In the words of yet another “economistically” motivated striker, in yet another bulk-standard American struggle of the 1980s: “You have to understand what it was like…There was a lot of solidarity, togetherness…It was kind of a revolution, like during the sixties, during the Civil Rights movement or.the Vietnam war….You had the company and you had us…it was no longer a big family. Everyone was choosing up sides.”19
From a bad labor contract to “a kind of a revolution;” from piecework rates for punctuation marks to the genuine article: the dynamic is the same. In celebrating the determined, passionate, inspiring spirit of hundreds of thousands of far from “ordinary” workers in the great struggles of 1905, we remember them, as French workers remembered the Communards in 1968, as the pioneers of an ongoing struggle, a struggle which, however pedestrian its forms, however stifled by the somatic blandness of 21st-century America, is the one thing the ruling class is unable to eradicate — and the one hope of freedom for us all.
1. Leon Trotsky, Results and Prospects, 1906.
2. Leon Trotsky, 1905, Vintage Books, 1971, 85.
3. Ibid, 74.
4. Stan Weir, U.S.A. — The Labor Revolt, New England Free Press, 279.
5. Rosa Luxemburg, The Mass Strike, Merlin Press, 1906, 63.
6. Trotksy, 1905, 104, 251.
7. Lenin, Collected Works, Vol. 8, 124-5.
8. CW, Vol. 11, 124-5.
9. Trotsky, 1905, 105.
10. Antonio Gramsci, Prison Notebooks, 1971, 223.
11. Interview with The Daily Chronicle, July 1, 1893.
12. Hal Draper, “The Formation of the Bolshevik Party: Myth and History,” Lecture, 19 March 1963; cited in Alan Johnson, “Hal Draper: A Biographical Sketch,” Historical Materialism No 4, 1999, and What Next? (UK, ed.
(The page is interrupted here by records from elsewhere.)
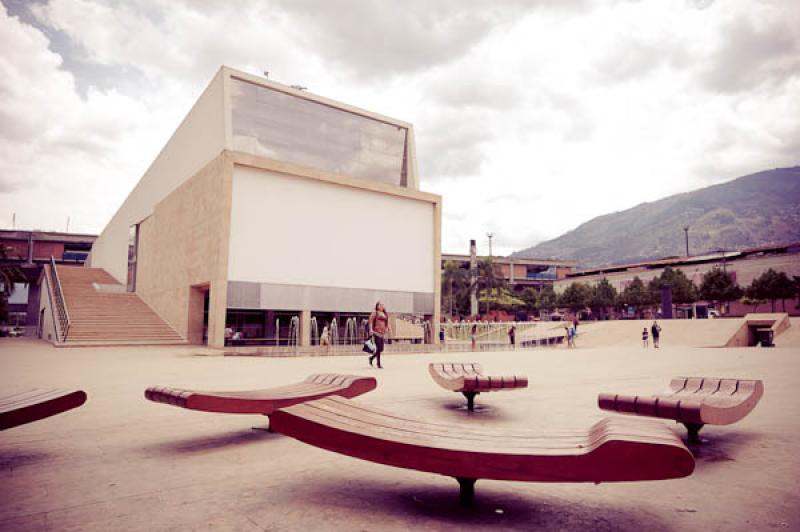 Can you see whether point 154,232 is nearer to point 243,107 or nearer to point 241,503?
point 243,107

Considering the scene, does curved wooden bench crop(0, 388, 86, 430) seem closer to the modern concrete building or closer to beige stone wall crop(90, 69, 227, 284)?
the modern concrete building

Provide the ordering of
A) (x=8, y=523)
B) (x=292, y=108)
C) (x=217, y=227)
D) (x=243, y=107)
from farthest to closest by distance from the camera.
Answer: (x=292, y=108)
(x=243, y=107)
(x=217, y=227)
(x=8, y=523)

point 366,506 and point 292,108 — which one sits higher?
point 292,108

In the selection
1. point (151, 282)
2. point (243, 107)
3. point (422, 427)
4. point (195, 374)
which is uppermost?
point (243, 107)

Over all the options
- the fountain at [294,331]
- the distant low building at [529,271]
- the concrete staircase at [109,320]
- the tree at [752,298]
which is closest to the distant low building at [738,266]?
the tree at [752,298]

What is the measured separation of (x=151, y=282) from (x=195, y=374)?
26156mm

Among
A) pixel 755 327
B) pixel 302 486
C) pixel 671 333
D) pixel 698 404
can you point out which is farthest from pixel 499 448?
pixel 671 333

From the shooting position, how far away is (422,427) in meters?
2.96

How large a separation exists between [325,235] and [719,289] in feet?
137

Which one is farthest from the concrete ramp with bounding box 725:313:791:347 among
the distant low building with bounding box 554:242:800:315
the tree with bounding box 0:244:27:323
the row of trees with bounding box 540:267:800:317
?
the tree with bounding box 0:244:27:323

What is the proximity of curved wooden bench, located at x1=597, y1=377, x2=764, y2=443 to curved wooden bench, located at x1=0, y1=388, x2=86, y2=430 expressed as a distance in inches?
183

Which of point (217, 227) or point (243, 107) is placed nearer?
point (217, 227)

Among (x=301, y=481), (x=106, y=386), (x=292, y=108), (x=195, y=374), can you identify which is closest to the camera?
(x=301, y=481)

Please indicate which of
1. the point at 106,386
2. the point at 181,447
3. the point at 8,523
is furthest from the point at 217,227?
the point at 8,523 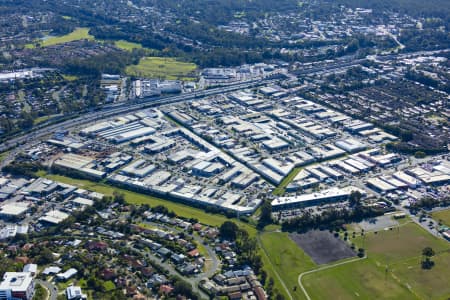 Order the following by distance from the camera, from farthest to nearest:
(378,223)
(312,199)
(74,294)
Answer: (312,199) < (378,223) < (74,294)

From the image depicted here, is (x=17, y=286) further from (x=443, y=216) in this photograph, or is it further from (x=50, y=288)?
(x=443, y=216)

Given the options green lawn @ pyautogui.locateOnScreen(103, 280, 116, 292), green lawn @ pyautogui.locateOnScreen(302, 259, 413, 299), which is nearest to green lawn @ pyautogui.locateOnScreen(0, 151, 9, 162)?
green lawn @ pyautogui.locateOnScreen(103, 280, 116, 292)

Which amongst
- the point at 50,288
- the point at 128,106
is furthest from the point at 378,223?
the point at 128,106

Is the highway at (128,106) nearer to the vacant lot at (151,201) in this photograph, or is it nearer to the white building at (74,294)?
the vacant lot at (151,201)

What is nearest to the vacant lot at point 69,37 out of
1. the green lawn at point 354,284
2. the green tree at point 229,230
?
the green tree at point 229,230

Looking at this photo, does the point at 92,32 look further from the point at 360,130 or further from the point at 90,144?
the point at 360,130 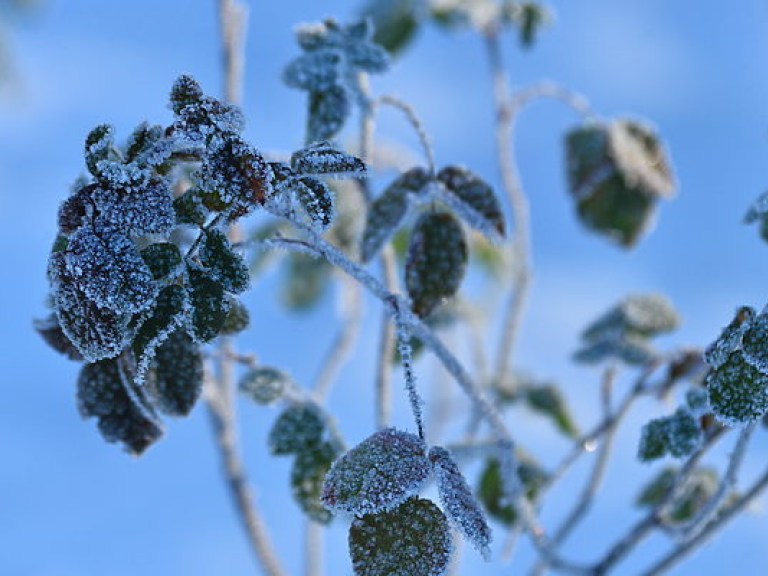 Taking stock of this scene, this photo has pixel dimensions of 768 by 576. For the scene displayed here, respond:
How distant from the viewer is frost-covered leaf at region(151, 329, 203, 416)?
1.25 metres

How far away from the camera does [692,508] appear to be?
1.95 meters

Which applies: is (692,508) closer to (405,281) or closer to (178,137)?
(405,281)

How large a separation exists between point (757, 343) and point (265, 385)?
69cm

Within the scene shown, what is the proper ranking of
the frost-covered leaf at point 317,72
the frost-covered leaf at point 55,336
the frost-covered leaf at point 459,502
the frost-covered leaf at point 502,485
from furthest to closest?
the frost-covered leaf at point 502,485 < the frost-covered leaf at point 317,72 < the frost-covered leaf at point 55,336 < the frost-covered leaf at point 459,502

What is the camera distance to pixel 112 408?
130 centimetres

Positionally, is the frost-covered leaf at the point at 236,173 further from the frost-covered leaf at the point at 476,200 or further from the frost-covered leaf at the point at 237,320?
the frost-covered leaf at the point at 476,200

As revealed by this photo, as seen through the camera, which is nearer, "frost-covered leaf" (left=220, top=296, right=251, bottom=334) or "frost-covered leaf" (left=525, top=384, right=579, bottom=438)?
"frost-covered leaf" (left=220, top=296, right=251, bottom=334)

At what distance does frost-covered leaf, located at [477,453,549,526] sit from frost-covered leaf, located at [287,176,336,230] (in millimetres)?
873

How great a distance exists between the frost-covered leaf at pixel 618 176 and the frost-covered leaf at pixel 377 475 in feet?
4.01

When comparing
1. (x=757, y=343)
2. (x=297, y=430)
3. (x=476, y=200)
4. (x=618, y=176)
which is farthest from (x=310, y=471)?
(x=618, y=176)

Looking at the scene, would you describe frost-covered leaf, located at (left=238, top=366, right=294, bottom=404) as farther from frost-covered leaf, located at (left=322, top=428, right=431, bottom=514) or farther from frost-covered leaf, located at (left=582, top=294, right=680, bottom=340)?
frost-covered leaf, located at (left=582, top=294, right=680, bottom=340)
Bob Pitt) No 12, 1999.
13. Lenin, “On Strikes,” 1899, CW, Vol 4, 1960, 315.
14. Lenin, “The St. Petersburg Strike,” CW, Vol 8, 92-3.
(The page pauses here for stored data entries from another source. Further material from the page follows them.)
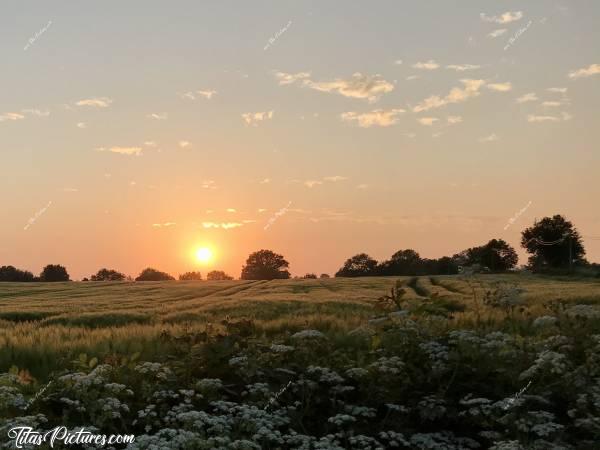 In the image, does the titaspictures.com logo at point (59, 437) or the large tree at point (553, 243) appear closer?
the titaspictures.com logo at point (59, 437)

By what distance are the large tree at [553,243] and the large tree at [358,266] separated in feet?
165

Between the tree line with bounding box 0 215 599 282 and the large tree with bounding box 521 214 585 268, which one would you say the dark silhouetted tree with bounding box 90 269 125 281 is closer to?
the tree line with bounding box 0 215 599 282

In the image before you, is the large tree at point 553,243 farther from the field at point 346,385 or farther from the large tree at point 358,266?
the field at point 346,385

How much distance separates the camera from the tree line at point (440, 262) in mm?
122562

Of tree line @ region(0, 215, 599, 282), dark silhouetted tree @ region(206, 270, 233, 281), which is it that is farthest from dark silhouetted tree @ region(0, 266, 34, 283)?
dark silhouetted tree @ region(206, 270, 233, 281)

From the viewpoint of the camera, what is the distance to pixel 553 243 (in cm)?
12244

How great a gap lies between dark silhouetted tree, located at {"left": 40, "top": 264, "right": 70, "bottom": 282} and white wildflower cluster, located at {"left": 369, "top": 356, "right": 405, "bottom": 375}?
16037 centimetres

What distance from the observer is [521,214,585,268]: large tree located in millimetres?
122062

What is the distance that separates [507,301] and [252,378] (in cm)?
540

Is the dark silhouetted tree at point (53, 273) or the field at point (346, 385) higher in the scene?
the dark silhouetted tree at point (53, 273)

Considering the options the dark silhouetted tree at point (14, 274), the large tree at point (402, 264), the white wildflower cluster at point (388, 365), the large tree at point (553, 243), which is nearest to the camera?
the white wildflower cluster at point (388, 365)

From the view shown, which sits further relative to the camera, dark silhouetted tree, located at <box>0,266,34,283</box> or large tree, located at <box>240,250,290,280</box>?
large tree, located at <box>240,250,290,280</box>

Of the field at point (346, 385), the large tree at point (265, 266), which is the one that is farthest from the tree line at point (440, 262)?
the field at point (346, 385)

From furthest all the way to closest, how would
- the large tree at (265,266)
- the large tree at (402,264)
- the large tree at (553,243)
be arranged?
the large tree at (265,266)
the large tree at (402,264)
the large tree at (553,243) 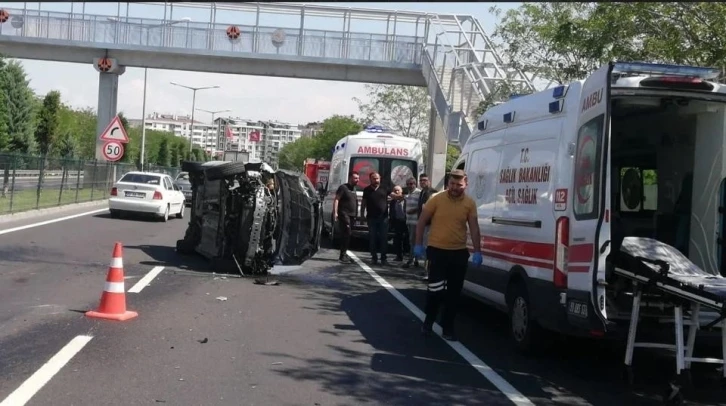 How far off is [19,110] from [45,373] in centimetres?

15. Lenin, “Lecture on the 1905 Revolution,” (1917), CW, Vol 23, 239-42.
16. Richard Hyman, Marxism and the Sociology of Trade Unionism, Pluto Press, 1971. Most of the quotes used here are taken from this pamphlet.
17. Rosa Luxemburg, The Mass Strike, 73.
18. Antonio Gramsci, Prison Notebooks, (ed. Quentin Hoare and Geoffrey Nowell Smith), International Publishers, 1971, 327.
19. Marc Lendler, Crisis and Political Beliefs: The Case of the Colt Firearms Strike, Yale University Press, 1997, 42-43.